** Source material follows **
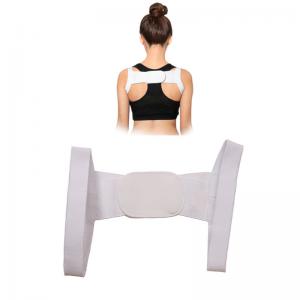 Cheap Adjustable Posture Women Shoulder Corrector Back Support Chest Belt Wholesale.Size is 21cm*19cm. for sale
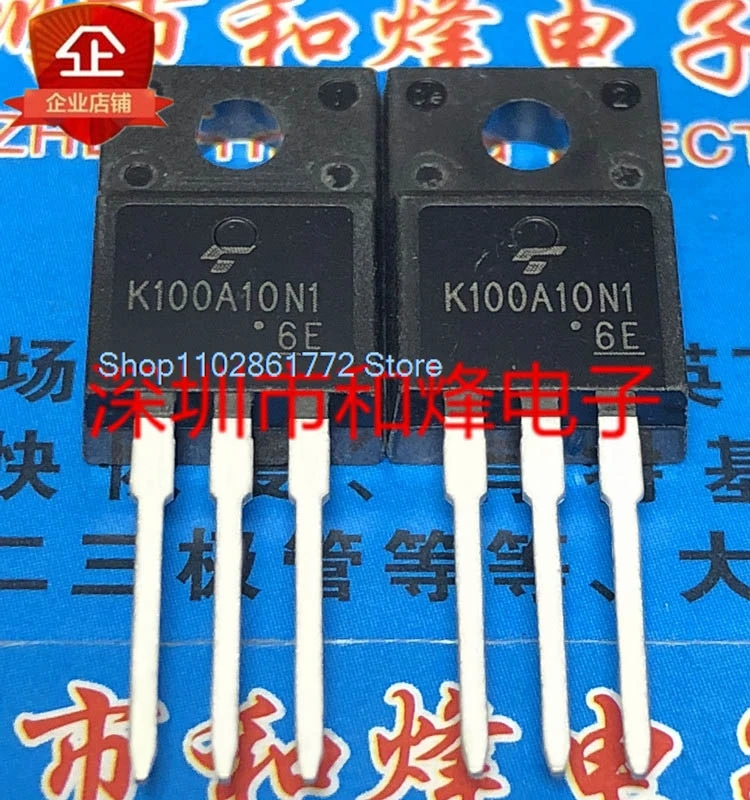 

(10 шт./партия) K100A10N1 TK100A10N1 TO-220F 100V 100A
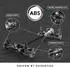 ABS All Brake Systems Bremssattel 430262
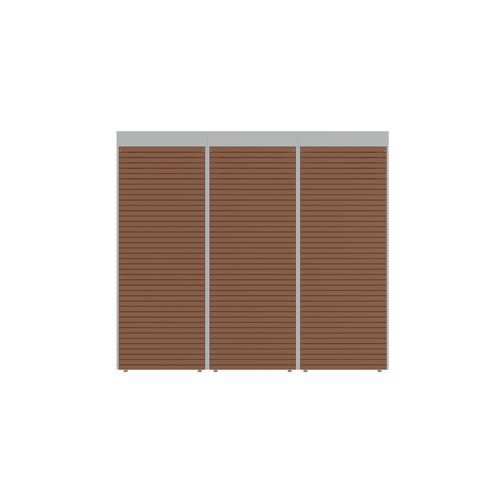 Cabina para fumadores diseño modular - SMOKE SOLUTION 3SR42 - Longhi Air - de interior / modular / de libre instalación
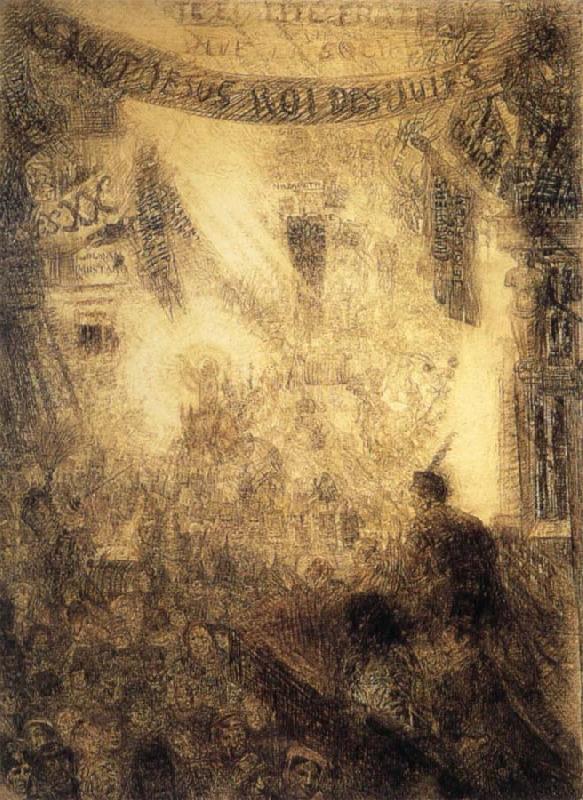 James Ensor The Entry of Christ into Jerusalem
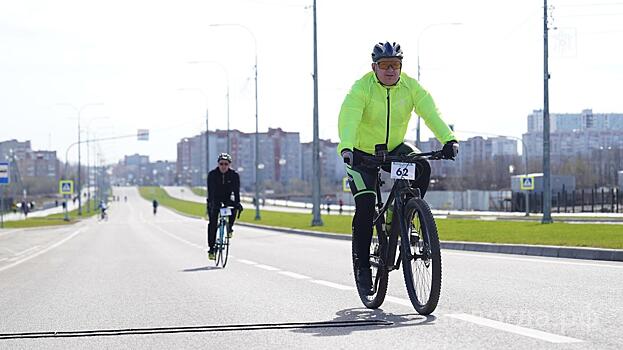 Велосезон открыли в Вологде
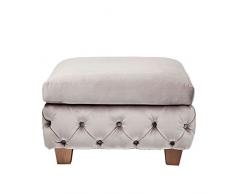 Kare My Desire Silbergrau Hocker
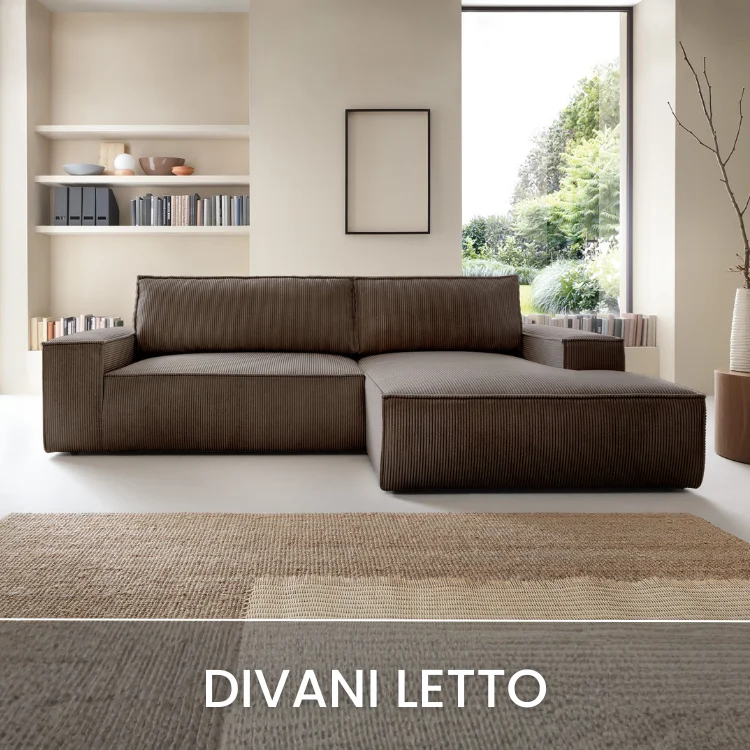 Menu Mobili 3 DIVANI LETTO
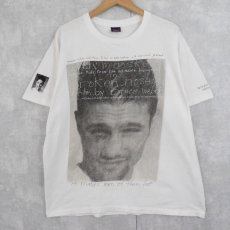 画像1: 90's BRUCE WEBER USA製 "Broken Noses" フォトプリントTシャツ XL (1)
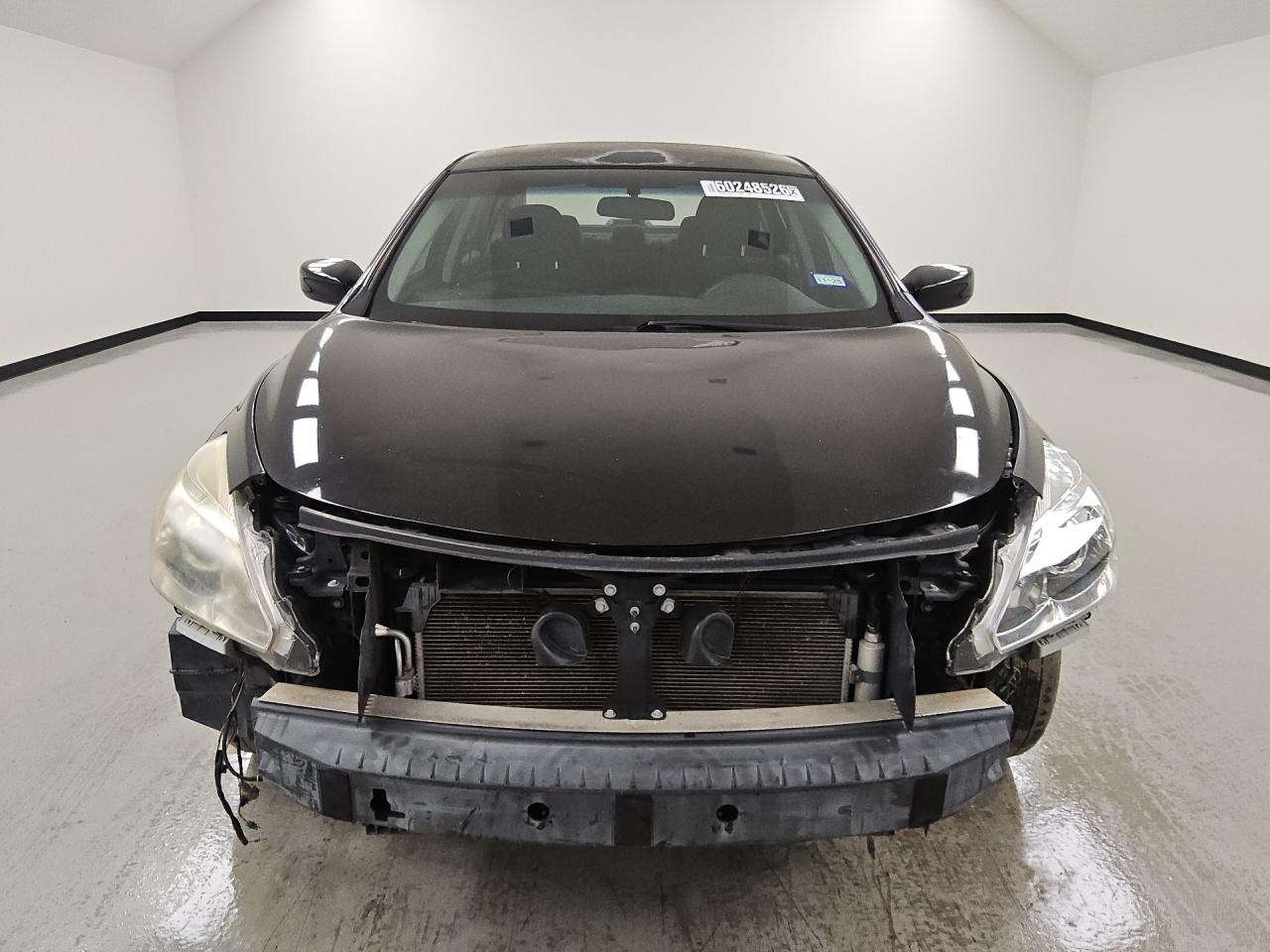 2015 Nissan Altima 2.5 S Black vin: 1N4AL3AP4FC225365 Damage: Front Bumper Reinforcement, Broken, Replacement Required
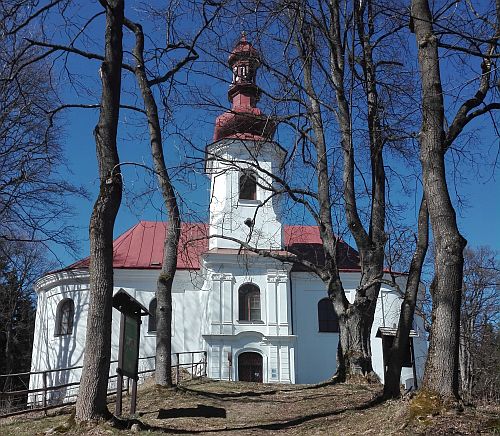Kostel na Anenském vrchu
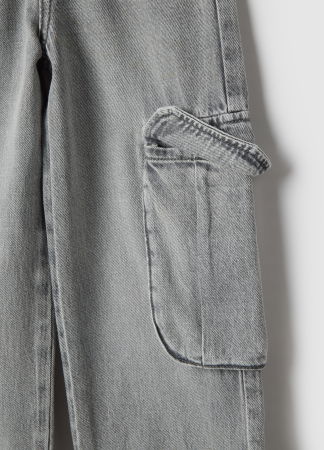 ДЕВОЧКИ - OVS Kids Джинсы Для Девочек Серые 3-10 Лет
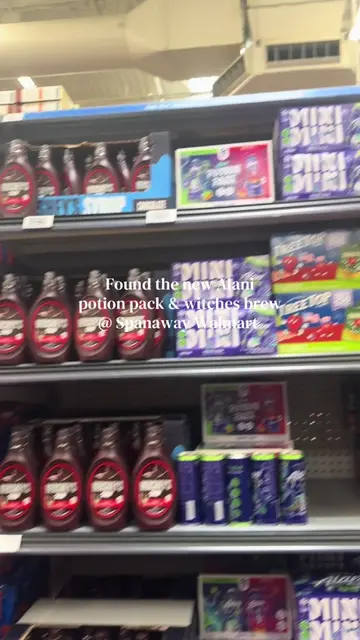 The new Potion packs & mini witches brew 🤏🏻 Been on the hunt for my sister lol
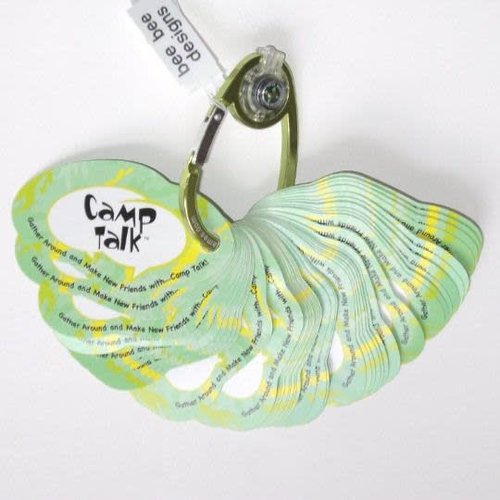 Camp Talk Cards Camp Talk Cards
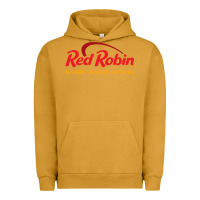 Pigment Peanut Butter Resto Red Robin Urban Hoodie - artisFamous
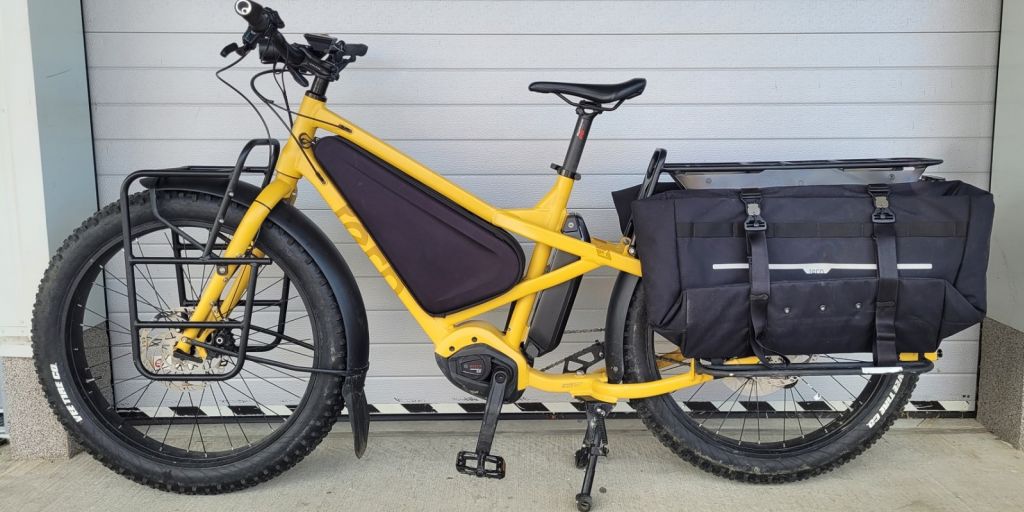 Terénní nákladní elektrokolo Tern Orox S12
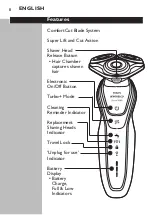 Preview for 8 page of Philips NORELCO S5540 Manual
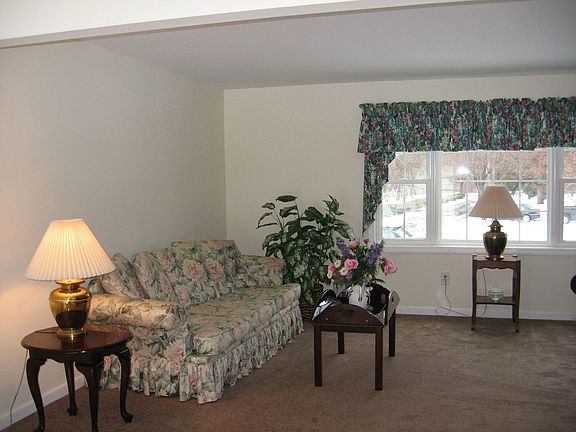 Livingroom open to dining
** End of Source material **
From the records above, output only the lines starting at the one containing "Menu Mobili 3 DIVANI LETTO" and ending at the one containing "Camp Talk Cards Camp Talk Cards", word for word. Pictures stay out.

 Menu Mobili 3 DIVANI LETTO
 画像1: 90's BRUCE WEBER USA製 "Broken Noses" フォトプリントTシャツ XL (1)
 2015 Nissan Altima 2.5 S Black vin: 1N4AL3AP4FC225365 Damage: Front Bumper Reinforcement, Broken, Replacement Required
Kostel na Anenském vrchu
 ДЕВОЧКИ - OVS Kids Джинсы Для Девочек Серые 3-10 Лет
 The new Potion packs & mini witches brew 🤏🏻 Been on the hunt for my sister lol
 Camp Talk Cards Camp Talk Cards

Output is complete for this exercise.